Tyre experts can offer objective advice on all of these crucial considerations to help you make an informed choice. It’s also worth bearing in mind that the tyre you choose will likely come with a warranty.
If you’ve ever wondered what’s covered, what isn’t, or what you’d need to do if you felt a need to claim on your warranty, this article will help to explain the tyre warranty process and point out some important details worth knowing about.
So what does a tyre warranty cover?
Tyre warranties are somewhat complex. For starters they generally do not cover either of the following:
The required frictional contact and the interaction between the tyre and road surface means that the rubber compounds tyres are made from will wear over time. How quickly this wear happens depends on many variables, the consistency of the rubber compound, the performance priorities of the tyre, how you drive (aggressive driving really speeds up wear) and obviously how many miles you drive.The point is, wear will occur and is not normally covered by a tyre warranty because most factors that affect it’s rate are outside the tyre manufacturer’s control.

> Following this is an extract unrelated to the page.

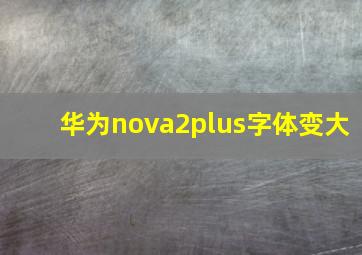 华为nova2plus字体变大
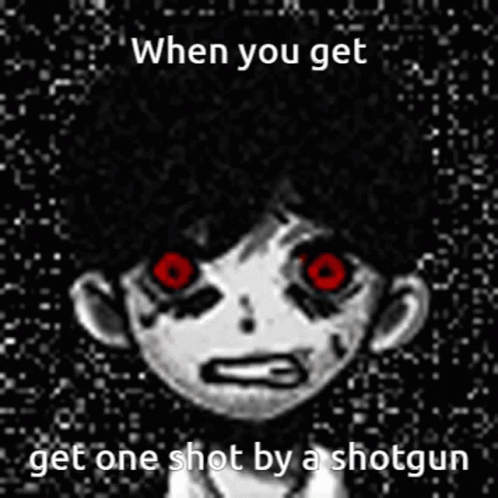 A Black And White Image Of A Boy With Red Eyes And The Words When You Get Get One Shot By A Shotgun GIF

Maintenance and accidental damage
The driver has a key part to play and can influence how well the tyre performs and lasts. If you don’t look after your tyres, they can wear more quickly, have less grip and wear prematurely in key places. If you do not respect them and drive over kerbstones or sleeping policeman carelessly or are unluckily enough to strike an object in the road, they can show signs of damage. Again, the point is, any tyre expert will be able to spot this kind of premature wear or damage and – because it’s caused by a lack of maintenance (or bad luck) – it’s also not going to be covered by the warranty. You wouldn’t expect it to be.
Tyre with worn tread
The normal tyre wear incurred through driving is not covered by a tyre’s warranty
So we now know what isn’t covered by a tyre warranty, so what is? The answer to this is quite simple. Once you have had your new tyres fitted, if you think something’s not quite right, like if the handling’s off, or if the tyres are excessively noisy, or you see something’s wrong, it’s time to act. But how?
If you suspect your tyres are faulty, here’s what you should do
These days, modern tyre design and production is extremely technology driven, and brands like Continental not only have very stringent quality control processes in place, they also test new tyre models extensively before they’re made available to buy. As such, manufacture defects are, certainly among the premium brands, very rare.
But not impossible. And in the case where a manufacturing fault has occurred, it’s important for you to know you have rights and there are established processes – laid down by the British Tyre Manufacturers Association (BTMA) – to protect you. The standard complaint process can be found along with the standard complaint form which can be downloaded directly from the BTMA’s website.
Here are the steps you should follow:
Consider what’s not covered by the tyre warranty (normal wear, and accidental damage) and make sure it isn’t due to these (your insurer may be able to help here) or poor maintenance on your part. If you’re satisfied it’s nothing to do with these things…
…don’t delay. The sooner you report a tyre manufacturing problem, the easier it will be to proove, That’s because over time it becomes harder to judge whether a problem is due to a fault or to normal tyre wear, so act quickly.
Go back to the centre where you bought your tyres (this also applies if you bought your tyres online – your rights are identical). Following an initial inspection of the tyre, if a fault can be found it may be that it needs to be returned to the manufacturer for a full technical examination before reaching a decision. You can also request this if you do not agree with the technician’s conclusion. There is no cost to you for this service but you will need to buy a replacement tyre while the tyre in question is sent back for inspection.
Following the technical examination of your tyre there could be any one of a range of outcomes – from a full refund/replacement tyre to partial compensation, or to rejection of the claim. If this happens, the retailer is obliged to explain the reasons to you. In some cases, if the tyre is sent back to the manufacturer for further examination then you should receive an explanation from them. For example in the case of a Continental tyre that has been returned for examination, you will receive a full written explanation with photographs of your tyre explaining the reasons for the condition for which the tyre was returned, if rejected, so you are fully informed.
Get it Checked
If your car is new and you suspect the tyres are faulty, go back to your vehicle dealer. Tyres are not normally covered by vehicle warranties, but your dealer still has a responsibility to advise you on the next course of action. They also have the ability to return the tyre to the manufacturer, either through their tyre supplier or direct as in the above instance.